I have looked at your heroic efforts at sanity checking
and I cannot help myself wondering whether this is a winning
strategy. Shall we really specify for each device how many
endpoints it is suposed to have in the probe() method?

Could we extend the matching by a minimum and maximum number
of endpoints and masks for permissible endpoint types?

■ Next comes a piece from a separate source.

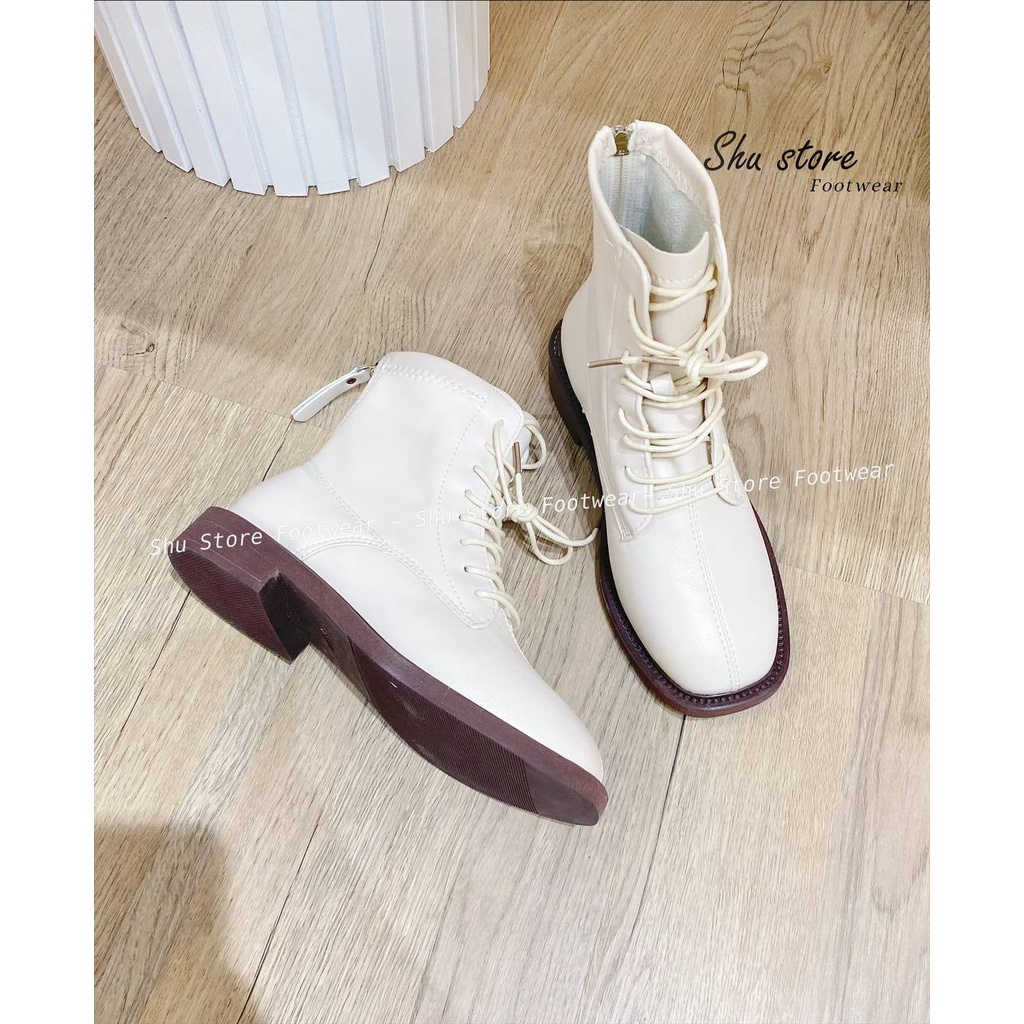 Giày Boot Nữ Cổ Cao Thắt Dây Có Khóa Sau Màu Trắng Đen Thời Trang Mới Cho Nữ Shu Store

For class devices this is impossible, but the majority of
drivers are for vendor specific devices.

	Regards
		Oliver
 

^ permalink raw reply	[flat|nested] 2+ messages in thread

* Re: Can't we have stricter matching for vendor specific devices?
  2020-01-20 12:36 Can't we have stricter matching for vendor specific devices? Oliver Neukum
@ 2020-01-21 13:24 ` Johan Hovold
  0 siblings, 0 replies; 2+ messages in thread
From: Johan Hovold @ 2020-01-21 13:24 UTC (permalink / raw)
  To: Oliver Neukum; +Cc: Johan Hovold, gregkh, stern, linux-usb

On Mon, Jan 20, 2020 at 01:36:31PM +0100, Oliver Neukum wrote:
> Hi Johan,
> 
> I have looked at your heroic efforts at sanity checking
> and I cannot help myself wondering whether this is a winning
> strategy. Shall we really specify for each device how many
> endpoints it is suposed to have in the probe() method?
> 
> Could we extend the matching by a minimum and maximum number
> of endpoints and masks for permissible endpoint types?
> 
> For class devices this is impossible, but the majority of
> drivers are for vendor specific devices.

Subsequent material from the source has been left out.